Skip to main content

How to Identify Outdated Files in a Git Repository

· 9 min read

Scenario

When maintaining a Git repository, particularly one for documentation, it is common to have files that haven't been updated in a while. To address this issue, you can link a section or sentence in the document to the corresponding code or an existing issue, so that the document can be updated when the code changes or the issue is resolved. This is useful when starting a new project, but it can be difficult to maintain these links for an existing large project.

To identify potential outdated files, you can use the git log command to retrieve the last commit log of each file and find long-term inactive files. The following sections describe how to generate a last commit report for a repository and how to write the script step by step.

Usage

note

If you want to use the script on macOS, you need to first install gnu-sed and findutils:

brew install gnu-sed findutils
  1. Get the generate_last_commit_report.sh script:

    git clone https://gist.github.com/862f24cec9a5915c71019dea2795c423.git scripts
    chmod +x scripts/generate_last_commit_report.sh
  2. Clone a documentation repository and check out the branch you want to generate the report for:

    git clone https://github.com/{OWNER}/{REPO}.git {DOC_REPO}
    cd {DOC_REPO}
    git checkout {BRANCH}
  3. Run the generate_last_commit_report.sh script to generate a report in Markdown format.
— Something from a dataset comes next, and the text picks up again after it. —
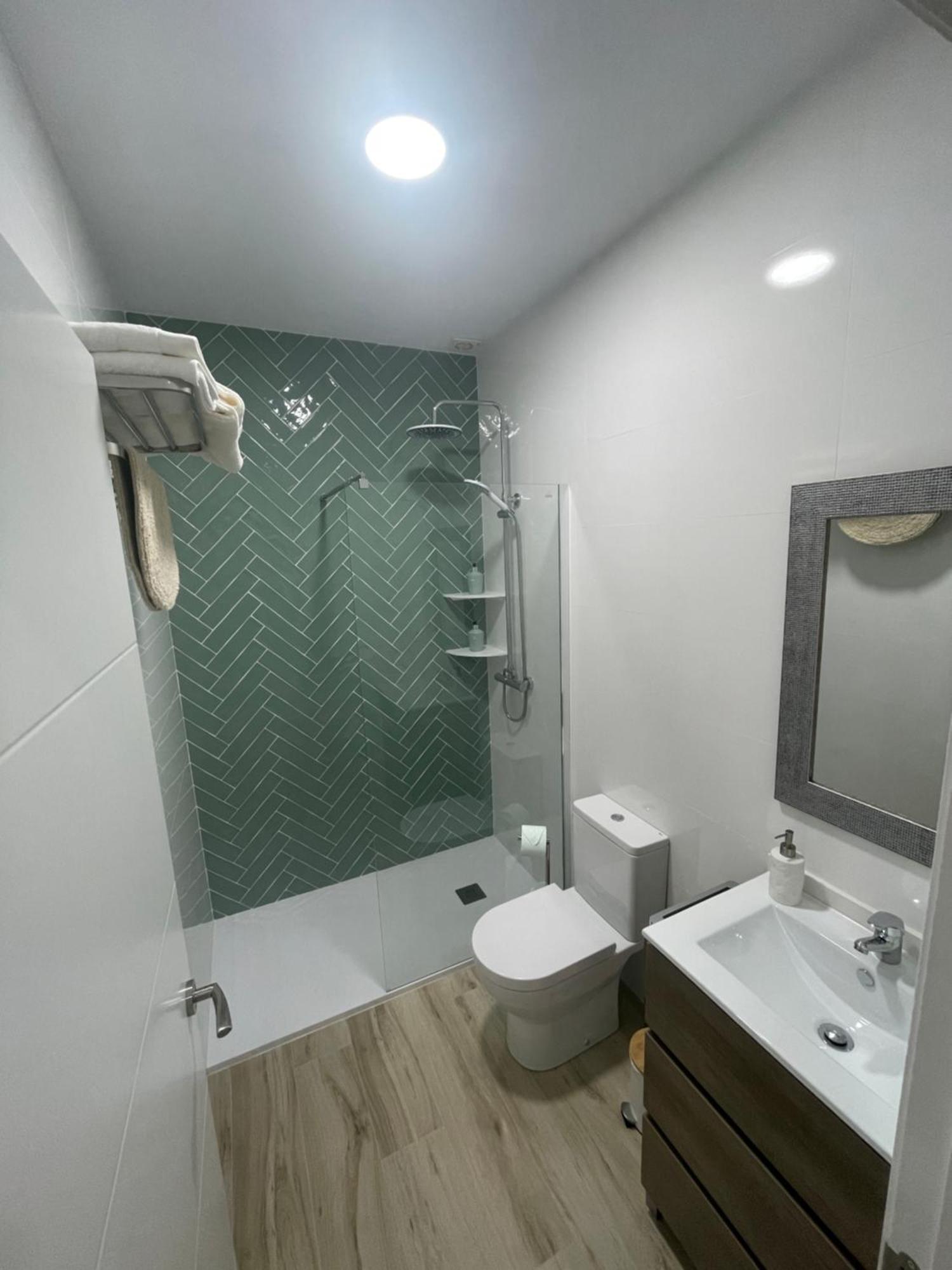 Apartamento Vitelio Καρμόνα Εξωτερικό φωτογραφία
The first argument {DOC_REPO} is the path to the documentation repository, and the second argument {OWNER}/{REPO} is the repository name on GitHub:

    ./scripts/generate_last_commit_report.sh {DOC_REPO} {OWNER}/{REPO}

Code reading

The following uses pingcap/docs as an example to show how to write the script step by step.
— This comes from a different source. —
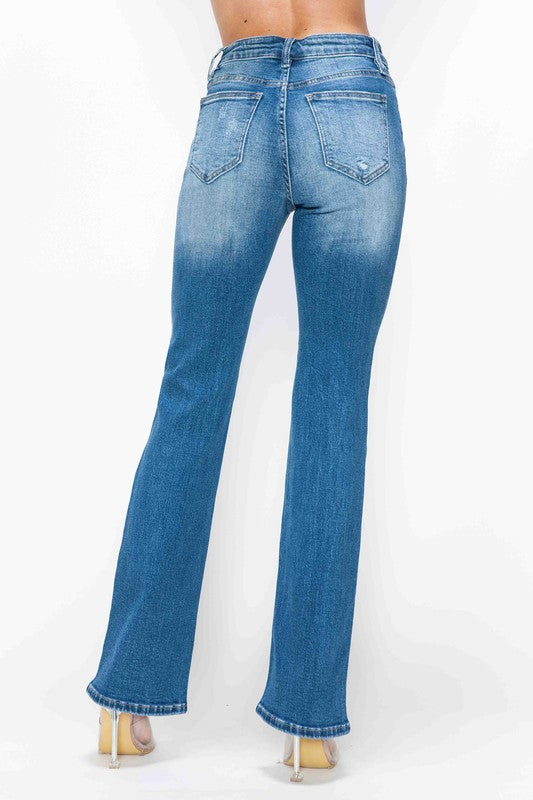 The Uptown Rebel Jeans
git clone https://github.com/pingcap/docs.git docs
cd docs

Step 1: Get the last commit of a file

  1. To get the commit logs of a file, use the git log command:

    Wiki: How to show the commit logs of a specific file?

    git log _index.md
  2. Get the last commit log of a file:

    To limit only the last commit to output, you can use the -<number>, -n <number>, --max-count=<number> option.
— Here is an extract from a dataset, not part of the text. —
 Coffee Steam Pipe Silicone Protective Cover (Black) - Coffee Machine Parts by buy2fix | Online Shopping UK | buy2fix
    Wiki: How to show the latest commit log of a specific file?

    git log -1 _index.md
  3. Customize the last commit information of a file:

    To customize the commit logs, you can use the --format=format:<string> option. For more details, refer to pretty formats.

    The following example uses a custom format to show "last commit time (UNIX), commit hash, author name, last commit date in YYYY-MM-DD format, last commit relative time":

    Wiki: How to show commit logs in a custom format?

    git log -1 --format=format:"%at,%H,%an,%as,%ar%n" _index.md
  4. Get the last commit log of a file without pager using the -P, -no-pager option:

    Wiki: How to show the commit logs without paging?

    git --no-pager log -1 --format=format:"%at,%H,%an,%as,%ar%n" _index.md

Step 2: Get the last commit of a repository and sort by commit date

  1. Get all Markdown files in a repository:

    for FILE in $(gfind . -name "*.abc"); do
    echo "$FILE"
    done

    The preceding command uses a for loop to iterate all Markdown files. If there is a file with a space in its name, the command handles it incorrectly. For example:

    touch "a b c.abc"
    for FILE in $(gfind . -name "*.abc"); do
    echo "$FILE"
    done
    quote

    For loops over find output are fragile. Use find -exec or a while read loop.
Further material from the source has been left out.